Speaker A: I think when you read this book, I mean, if you’ve seen succession, you’ll probably spend a bunch of time like analogizing. Of course this is this, this one is that. But if I met, I’ve never met, actually I met James Murdoch once for two seconds somewhere. But I’ve never met a Murdoch. And if one met Murdoch’s either Rupert or these three main children, what would be appealing about each of them?
Speaker B: Well, I’ll just go through them, I’ll take them in turn. So yeah, Elizabeth, as I said, is she’s, you know, politically, you know, center to the, to the, to the left. You know, she’s very knowledgeable about TV and film. She’s a great tastemaker here in London. You know, she came to the premiere of the film I wrote, the Apprentice when it premiered here in London. You know, she came to the after party with Kate Blanchett. So she’s, you know, she’s cool, she’s like, she’s like in entertainment, in show business. Lachlan is very easygoing, he’s self effacing and there’s a sort of a tragic dimension to that. But if you met Lachlan, he’s sort of, he’s very different than, than Roman Roy, which is kind of the, the character that is supposed most sort of like, like him or supposed to sort of resemble him as sort of the favorite son who is sort of, you know, Roman is sort of a screw up and, and a slacker and, and Lachlan is, you know, very kind of quiet. He’s a family man. You know, he told a friend at one point in his life that if he could do it over again, if he had, he would be a forest guide in the outback. He loves to go rock climbing. It doesn’t strike you as someone who like lives for the boardroom intrigue. And then lastly there’s James. If you met him, you know, he’s very, very intelligent to understand his family. He Started reading Roman history early in his career. He thought, you know, in, in high school and college he wanted to become an archaeologist. You know, he went to, to Italy and, and studied Roman ruins. So there’s a much more intellectual, he’s the sort of, the most intellectual of, of, of the children. So they’re all, you know, they’re all multidimensional. I mean that’s what this book I think tried to do as well is really just show them as, as complete human beings, both in their flaws but also in, you know, what makes them themselves.
Speaker A: Well, and just to, to belabor that question, on the flip side, if you met them and spent a bunch of time with them, what would be their unappealing qualities?

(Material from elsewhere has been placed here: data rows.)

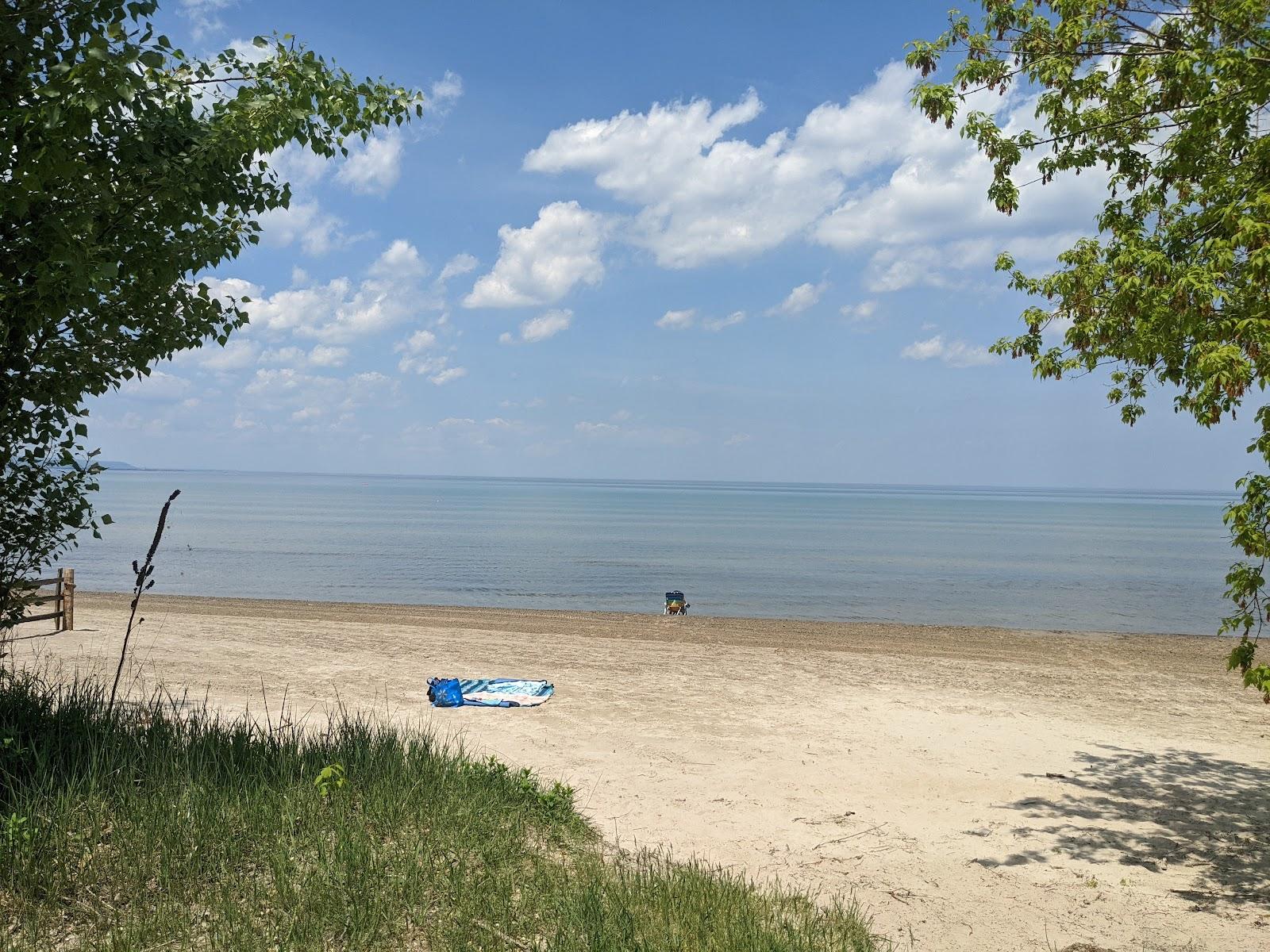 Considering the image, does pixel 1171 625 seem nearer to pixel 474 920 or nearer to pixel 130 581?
pixel 474 920

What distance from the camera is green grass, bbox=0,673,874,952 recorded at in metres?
5.11

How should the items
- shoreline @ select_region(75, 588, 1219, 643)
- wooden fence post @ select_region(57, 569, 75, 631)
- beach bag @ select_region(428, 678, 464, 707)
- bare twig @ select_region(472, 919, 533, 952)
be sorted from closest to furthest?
bare twig @ select_region(472, 919, 533, 952)
beach bag @ select_region(428, 678, 464, 707)
wooden fence post @ select_region(57, 569, 75, 631)
shoreline @ select_region(75, 588, 1219, 643)

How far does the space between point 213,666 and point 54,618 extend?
6.17 meters

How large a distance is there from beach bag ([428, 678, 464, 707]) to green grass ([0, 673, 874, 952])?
527 cm

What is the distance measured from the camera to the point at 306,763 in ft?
24.5

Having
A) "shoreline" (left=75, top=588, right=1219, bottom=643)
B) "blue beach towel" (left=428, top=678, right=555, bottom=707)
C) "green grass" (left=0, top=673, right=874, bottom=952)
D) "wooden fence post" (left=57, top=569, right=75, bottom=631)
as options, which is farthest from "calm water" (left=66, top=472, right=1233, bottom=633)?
"green grass" (left=0, top=673, right=874, bottom=952)

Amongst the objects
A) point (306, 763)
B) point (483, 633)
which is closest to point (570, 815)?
point (306, 763)

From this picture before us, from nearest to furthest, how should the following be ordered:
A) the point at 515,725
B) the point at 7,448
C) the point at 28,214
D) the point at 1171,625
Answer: the point at 28,214, the point at 7,448, the point at 515,725, the point at 1171,625

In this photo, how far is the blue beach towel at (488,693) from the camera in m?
13.1

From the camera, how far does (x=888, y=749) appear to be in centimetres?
1155

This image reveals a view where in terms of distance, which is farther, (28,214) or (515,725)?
(515,725)

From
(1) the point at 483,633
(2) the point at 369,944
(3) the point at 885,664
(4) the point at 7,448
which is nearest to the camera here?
(2) the point at 369,944

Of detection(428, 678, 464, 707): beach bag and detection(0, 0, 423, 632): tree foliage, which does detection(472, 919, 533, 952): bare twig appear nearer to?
detection(0, 0, 423, 632): tree foliage

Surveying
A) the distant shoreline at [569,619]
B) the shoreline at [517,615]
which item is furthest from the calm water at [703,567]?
the distant shoreline at [569,619] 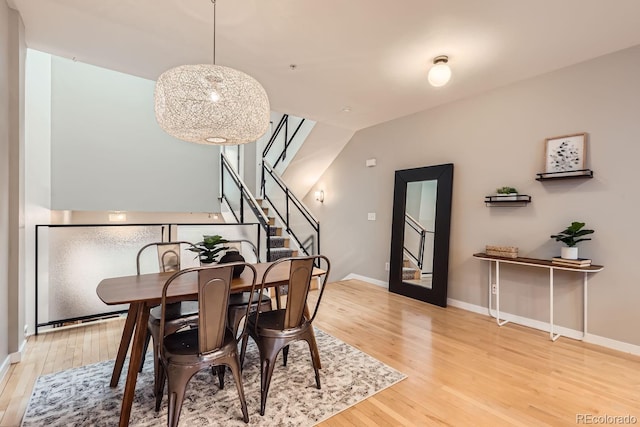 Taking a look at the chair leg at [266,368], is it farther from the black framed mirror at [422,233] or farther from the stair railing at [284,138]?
the stair railing at [284,138]

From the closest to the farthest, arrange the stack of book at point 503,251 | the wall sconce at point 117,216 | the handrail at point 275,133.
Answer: the stack of book at point 503,251 < the wall sconce at point 117,216 < the handrail at point 275,133

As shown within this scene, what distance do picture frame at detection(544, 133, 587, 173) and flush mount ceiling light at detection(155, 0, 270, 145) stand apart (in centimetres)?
299

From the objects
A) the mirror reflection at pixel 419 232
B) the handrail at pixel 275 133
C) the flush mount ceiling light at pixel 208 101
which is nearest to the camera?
the flush mount ceiling light at pixel 208 101

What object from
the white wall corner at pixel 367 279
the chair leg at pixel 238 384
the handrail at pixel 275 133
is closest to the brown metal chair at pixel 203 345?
the chair leg at pixel 238 384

Speaker B: What over time would you be like, oh gosh, yeah, well, I mean, I guess I’ll focus on Lachlan and James just because they have the most impact on the actual business. You know, Lachlan is, you know, politically much further to the right. You know, he was Tucker Carlson’s biggest supporter of, at Fox News. You know, I think Lachlan enabled a lot of the terrible sort of conspiracy mongering that, that Fox did after the 2020 election. And then there’s James. I think James’s biggest liability or the thing that I found the hardest to, to appreciate around him was that he’s very brittle. He’s somebody who, when you meet him, he doesn’t seem comfortable in his own skin. He’s argumentative, he has a bad temper, he’s hot headed. You know, a friend of his once told me that, you know, James Murdoch is a billionaire and he’s the kind of person he imagines looks in the mirror every morning and thinks, I have everything. Why am I not happy? And I think you really feel that when you’re around James, he’s just, he seems like he vibrates with kind of resentment about, you know, how things are, didn’t go his way. So yeah, I think those are the, with Lachlan, I think for me the biggest thing is the politics and with James I think it’s more the personality.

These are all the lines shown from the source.